Spot Instances: How to reduce AWS, Azure, and GCP costs by 90%

Žilvinas Urbonas, Senior Software Engineer
· 14 min read
spot instances

You may already know what the catch is.

The cloud provider can pull the plug at any time with as little as 30-second notice.

We’re not saying that you should opt to reserve VM instances instead. Far from it. Reserved Instances are a path to vendor lock-in and paying more in the long term.

There is a way to use Spot Instances effectively. Even for production workloads. 

Read this guide and learn how to handle Spot Instances and make financial team pleasantly surprised when they see the bill.

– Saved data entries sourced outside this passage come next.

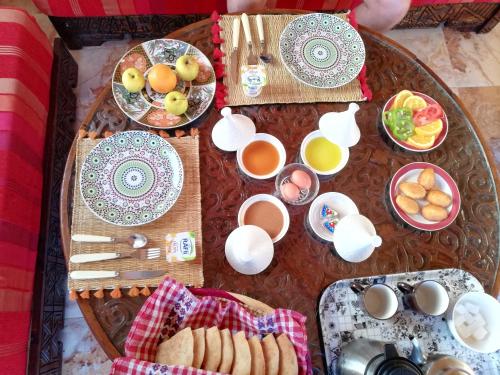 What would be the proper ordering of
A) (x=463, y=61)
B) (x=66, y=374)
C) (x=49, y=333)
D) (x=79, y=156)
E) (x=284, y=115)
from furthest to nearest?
1. (x=463, y=61)
2. (x=66, y=374)
3. (x=49, y=333)
4. (x=284, y=115)
5. (x=79, y=156)

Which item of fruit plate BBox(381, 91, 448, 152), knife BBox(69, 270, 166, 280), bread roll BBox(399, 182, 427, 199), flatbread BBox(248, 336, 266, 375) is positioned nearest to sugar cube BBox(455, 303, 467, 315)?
bread roll BBox(399, 182, 427, 199)

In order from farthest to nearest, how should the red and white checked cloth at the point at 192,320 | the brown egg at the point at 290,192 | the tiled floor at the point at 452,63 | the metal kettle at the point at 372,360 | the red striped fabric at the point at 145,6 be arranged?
the tiled floor at the point at 452,63 → the red striped fabric at the point at 145,6 → the brown egg at the point at 290,192 → the red and white checked cloth at the point at 192,320 → the metal kettle at the point at 372,360

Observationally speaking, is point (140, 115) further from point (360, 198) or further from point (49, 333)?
point (49, 333)

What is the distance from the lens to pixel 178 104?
130 centimetres

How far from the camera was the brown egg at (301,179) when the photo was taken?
1.27m

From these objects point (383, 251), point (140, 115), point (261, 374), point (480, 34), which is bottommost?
point (261, 374)

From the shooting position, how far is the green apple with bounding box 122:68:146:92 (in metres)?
1.32

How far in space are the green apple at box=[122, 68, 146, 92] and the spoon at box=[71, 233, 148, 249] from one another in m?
0.47

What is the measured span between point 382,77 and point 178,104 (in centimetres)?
72

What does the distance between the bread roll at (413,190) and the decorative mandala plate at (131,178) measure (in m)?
0.69

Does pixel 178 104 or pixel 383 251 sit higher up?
pixel 178 104

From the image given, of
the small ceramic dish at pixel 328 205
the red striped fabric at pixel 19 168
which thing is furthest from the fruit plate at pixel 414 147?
the red striped fabric at pixel 19 168

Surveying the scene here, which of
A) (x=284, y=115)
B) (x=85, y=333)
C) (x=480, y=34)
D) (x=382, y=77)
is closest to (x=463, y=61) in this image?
(x=480, y=34)

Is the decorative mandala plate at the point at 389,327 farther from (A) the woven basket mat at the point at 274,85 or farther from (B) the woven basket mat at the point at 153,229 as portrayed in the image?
(A) the woven basket mat at the point at 274,85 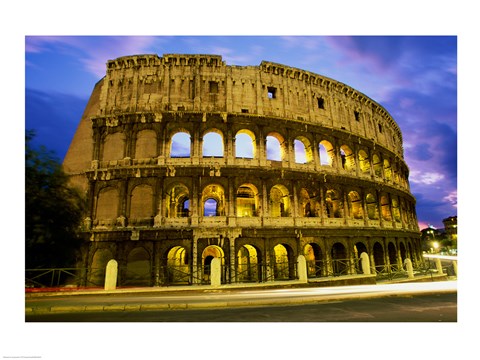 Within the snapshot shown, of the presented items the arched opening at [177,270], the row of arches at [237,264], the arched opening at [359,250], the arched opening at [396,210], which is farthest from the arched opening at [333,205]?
the arched opening at [177,270]

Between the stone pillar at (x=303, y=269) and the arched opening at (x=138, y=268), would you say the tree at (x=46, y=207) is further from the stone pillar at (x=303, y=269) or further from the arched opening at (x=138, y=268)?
the stone pillar at (x=303, y=269)

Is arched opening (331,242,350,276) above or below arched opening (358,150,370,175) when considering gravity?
below

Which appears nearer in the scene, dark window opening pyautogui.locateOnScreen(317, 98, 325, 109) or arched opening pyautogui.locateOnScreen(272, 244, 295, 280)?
arched opening pyautogui.locateOnScreen(272, 244, 295, 280)

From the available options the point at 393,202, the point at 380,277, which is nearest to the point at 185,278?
the point at 380,277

This is part 3 of our cost optimization series. The rest of the series include:

  1. Surprised by your cloud bill? 5 common issues & how to deal with them
  2. How to choose the best VM type for the job and save on your cloud bill

____

Table of contents:

Note: The cloud world changes quickly, so this article is regularly updated to reflect that. Last update: 01.07.2021.

Why are Spot Instances so tricky?

how do spot instances work

Interruptions are inevitable

CSPs offer their unused capacity at prices that offer savings up to 90%. The only catch is that they can pull the plug with short notice, from 2 minutes to as little as 30 seconds. This is why Spot Instances are more difficult to manage for production workloads. 

Since you bid on spare computing resources, you have no guarantee on how long these capacities will stay available. Interruptions are bound to happen. That’s why you shouldn’t be using them for workloads that can’t tolerate them and are critical.

Pulling the plug happens fast

CSPs offer short interrupt notice. Amazon gives you 2 minutes, Azure and Google only 30 seconds. Is that enough time to drop everything and find a replacement for your instance? Not for a human. 

Let’s say that you already set your eyes on an on-demand instance. Creating a new VM takes around 5 minutes on AWS (and even longer if you use Kubernetes), so you’re looking at a few minutes of potential downtime. Another method is having some paused machines that can step in whenever you lose an instance. But then your savings aren’t going to be so spectacular. 

The best way to handle Spot Instance interruptions is through automation.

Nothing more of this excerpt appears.